The power of the advisers closest to Tony Blair is immense. Alastair Campbell, the tough-talking ex-Mirror journalist and Mr Blair's former press secretary, and Anji Hunter, the Prime Minister's old student friend, a skilled networker who has guarded access to her boss since he entered Downing Street, were both sitting at the negotiating table on the PM's recent trip to Pakistan. It was an indication of just how important they had become.

Also on the payroll at No 10 is Jonathan Powell, Mr Blair's chief of staff. Mr Powell is the silky smooth brother of Margaret Thatcher's former aide Sir Charles Powell who came to Mr Blair's notice after serving in the British Embassy in Washington. Hilary Coffman, who is rare in surviving both the Neil Kinnock and John Smith eras, is a senior figure in the press office. Others, including Geoff Norris, Roger Liddle – an economics expert – Andrew Adonis and Liz Lloyd, are policy advisers. Mr Campbell's partner Fiona Millar handles Cherie Blair.

The Downing Street network reaches out to its Whitehall subsidiaries in the weekly special advisers meeting. But in the intervening period, the departmental special advisers – often in offices right next door to their cabinet minister – are servants to only one master.

This collection of former think-tank employees, ex-party press officers, former Labour-friendly journalists and high-fliers in Labour student politics – many of whom have known each other for years – owe their survival to the survival of their minister. They know their career may only last as long as his or hers does.

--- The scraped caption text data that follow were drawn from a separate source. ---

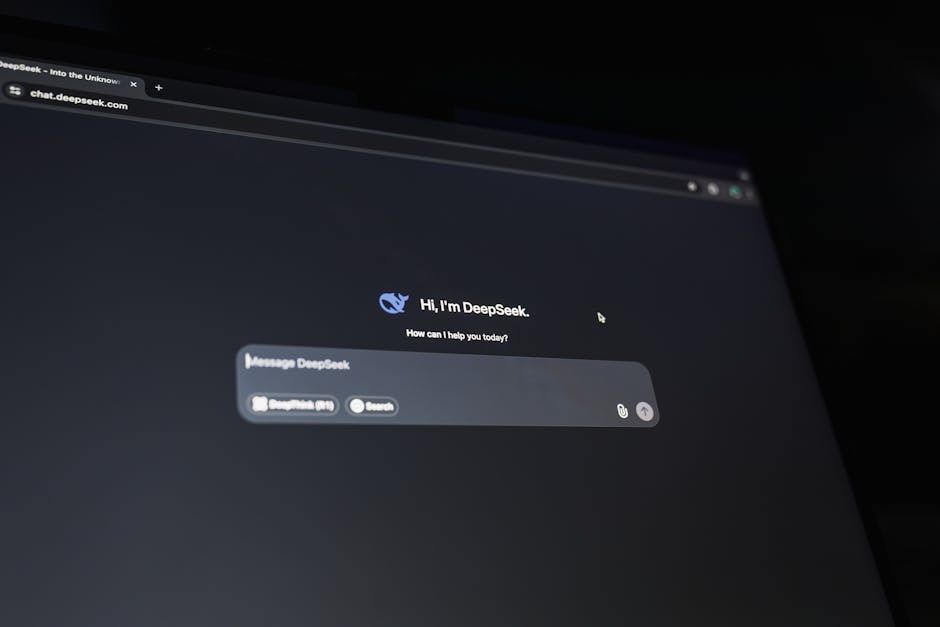 A dark-themed chat interface displaying an AI assistant conversation starter on a screen.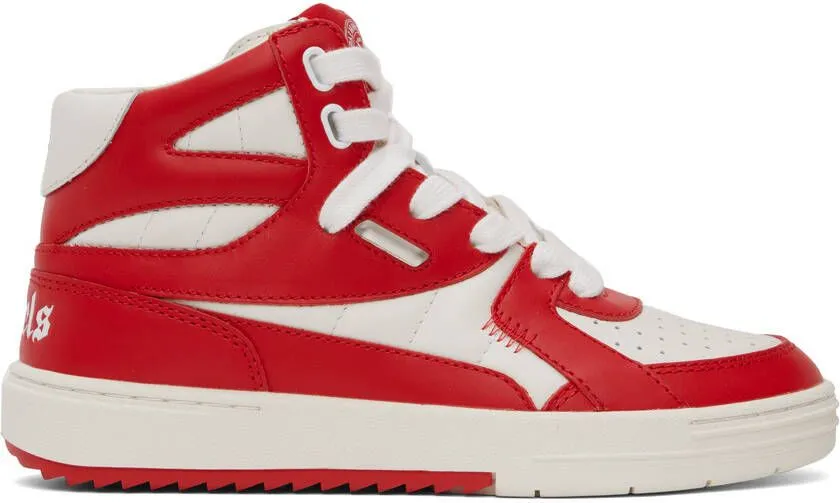 Palm Angels Red & White University Mid Sneakers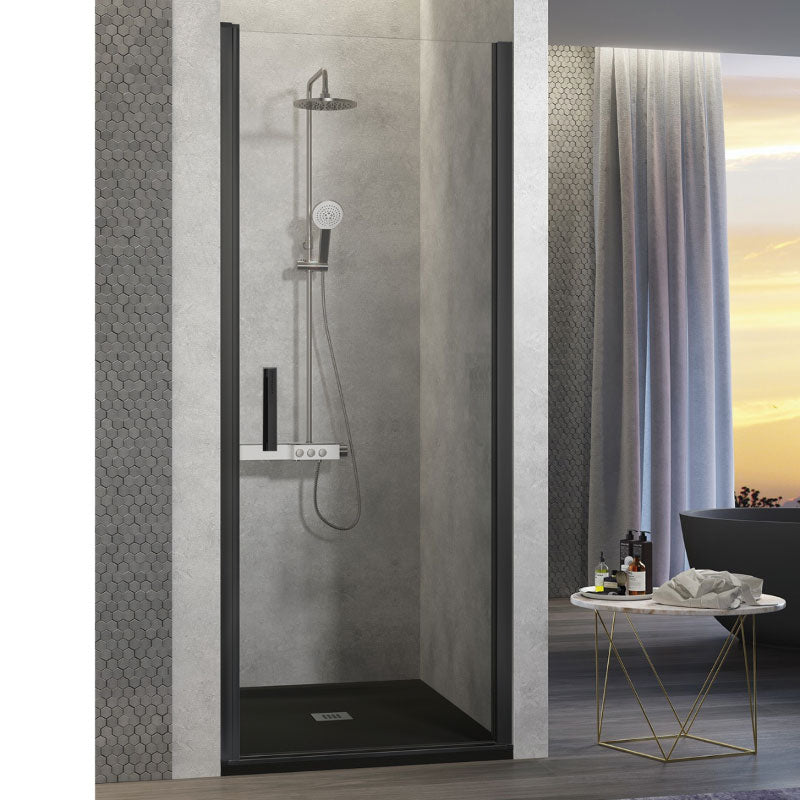 Puerta abatible de ducha nardi negro mate 70-74 cm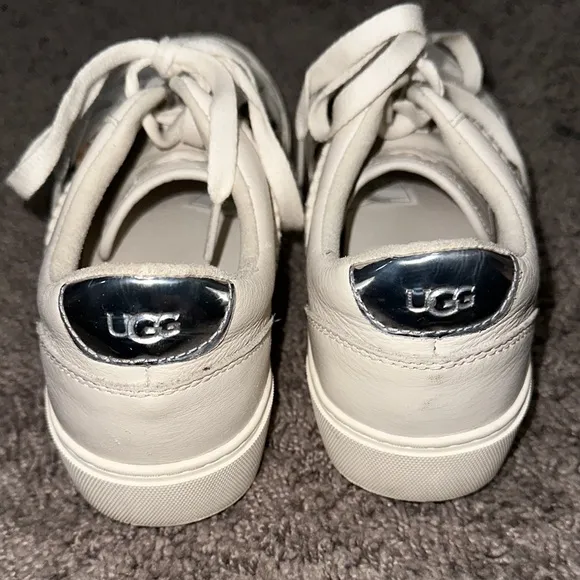 UGG White and Brown Sneakers with Animal Print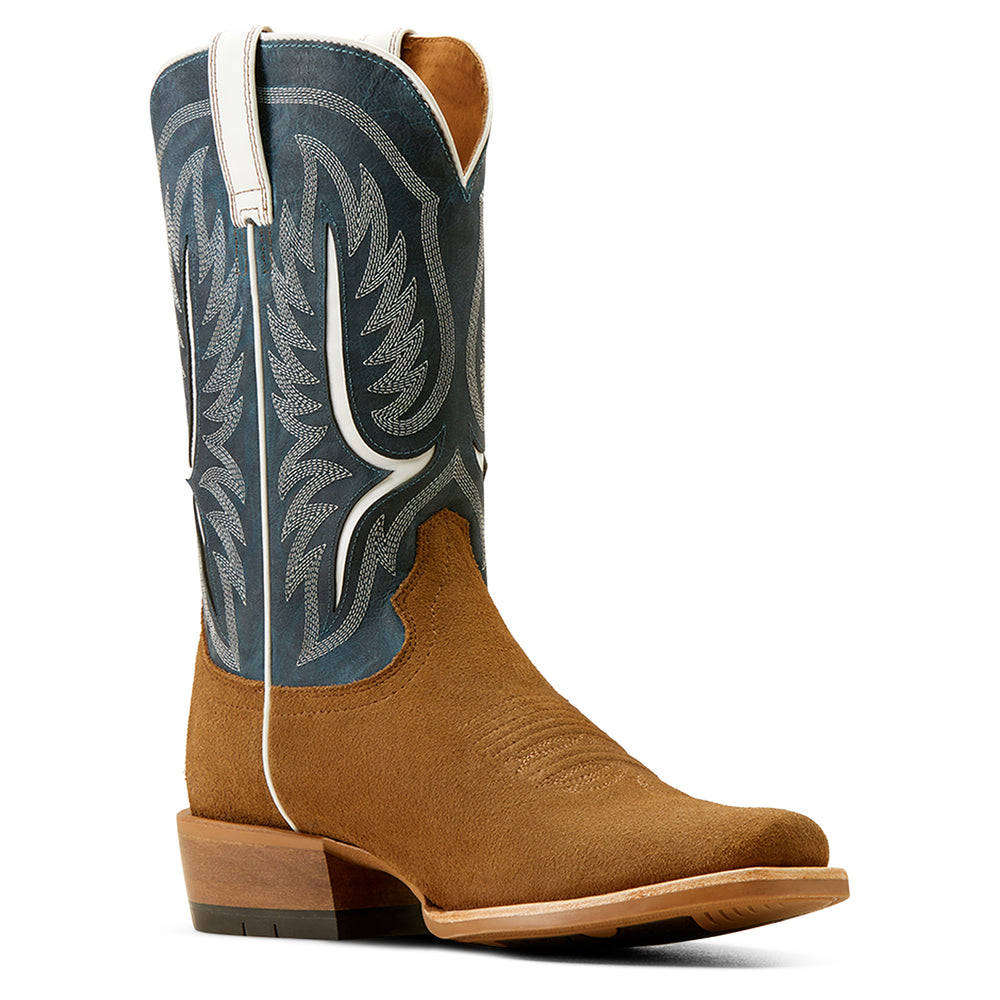 Ariat Mens Dijon Roughout/ Ocean Blue Stadtler Cowboy Boot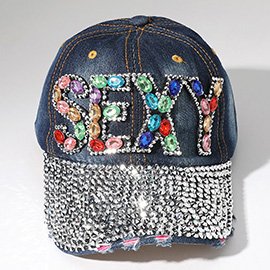 Oval Rhinestone Cluster Embellished SEXY Message Bling Studded Glam Baseball Cap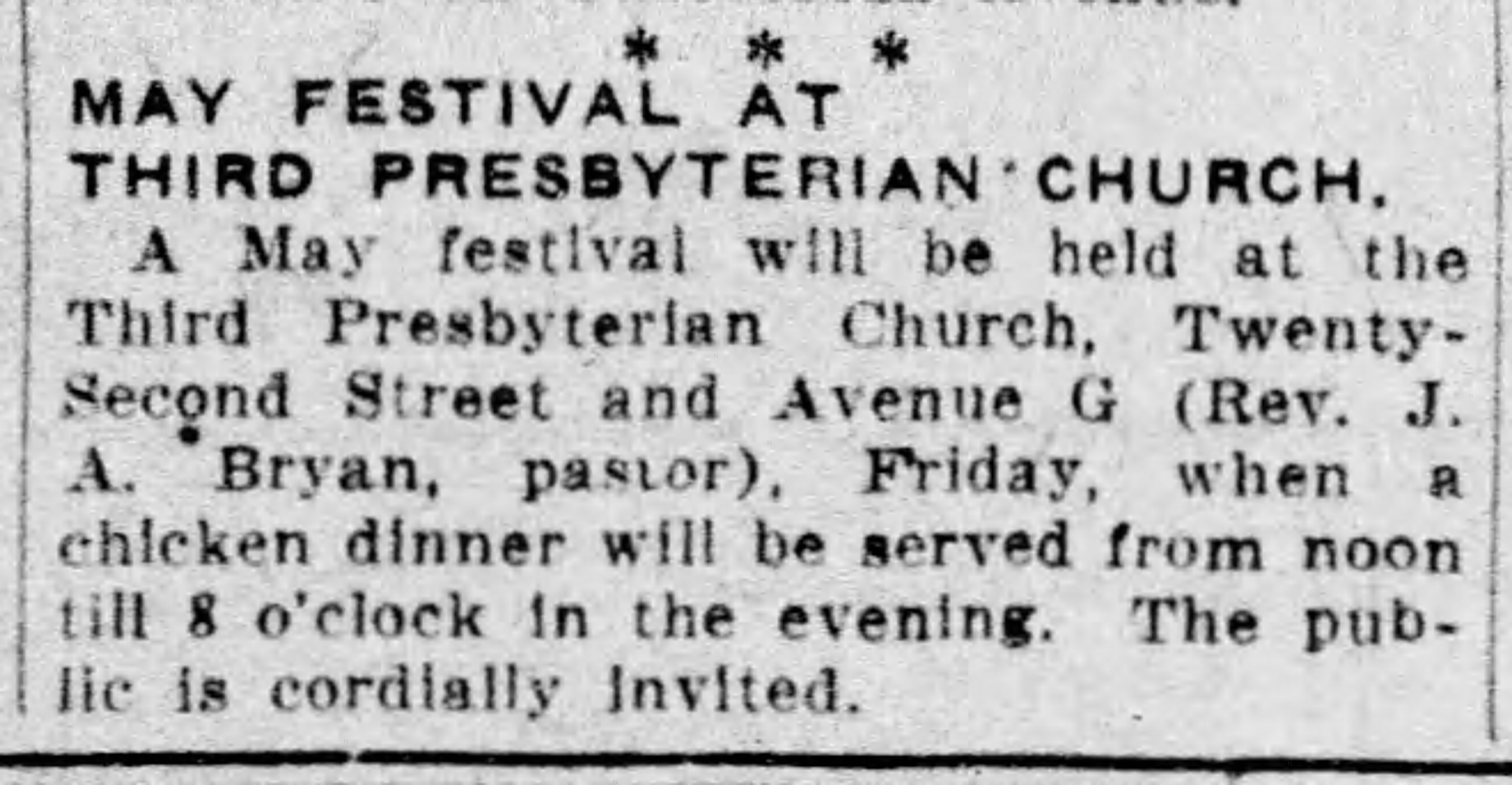 May Festival at Third Presbyterian Church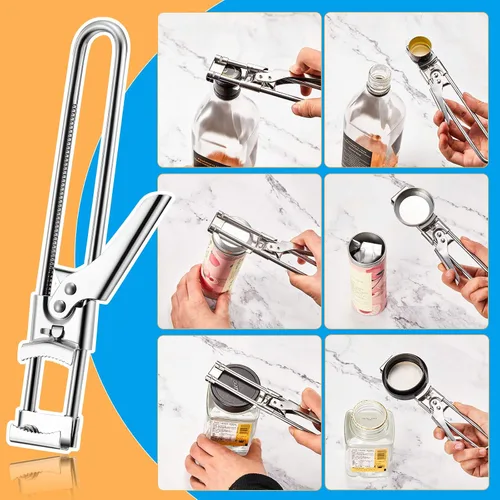 Vista 4 de Patelai Abridor maestro ajustable para frascos y botellas, de acero inoxidable, multifunción, para tapas de latas, abridor manual, accesorios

One New Labour insider said: "You get special advisers who are undoubtedly experts or you will get people who are just political hacks who will do your bidding. A cabinet minister who is highly ambitious will often hire people who they perceive as having good contacts press-wise.

"They are thinking about their long-term future when they appoint a special adviser. They use them to keep up their contacts in the party, in the unions, make sure they have the right profile. A lot of them are thinking about their own career. A special adviser is there to ensure that future."

When working properly, the trust built up between special advisers and their ministers provides a "short cut" to the ministers themselves which can be helpful both to journalists and the smarter civil servants. It becomes a problem only when political tensions – either rivalry between ministers or mistrust between the civil service and political appointees – are allowed to surface.

One civil service press officer said: "They're fine as long as they know where the line is. When they cross it, as they sometimes do, that's when the problems start." Another source of hostility is elected MPs who resent the power vested in these unelected apparatchiks.

A former minister said in the wake of the Jo Moore incident: "This is long overdue. There's a lot of discontent that we cannot destroy somebody's career who is a special adviser but 60 ministerial careers have been destroyed since 1997 without anyone having done anything wrong. Ministers are regarded as less important and more disposable than special advisers."

Another said some of the special advisers had just become too big for their boots. "It's time they learned a bit of humility." A third was less charitable: "I think they should get rid of the lot of them. They are an insidious bunch of backbiters. The democratic process would lose nothing by losing them."

The truth is that in a government obsessed with image, the only problem with special advisers occurs when they become the story. That's what happened to Gordon Brown's former spin-doctor Charlie Whelan. And it could yet do for Jo Moore. For the rest of them, it may be time to retire to the shadows.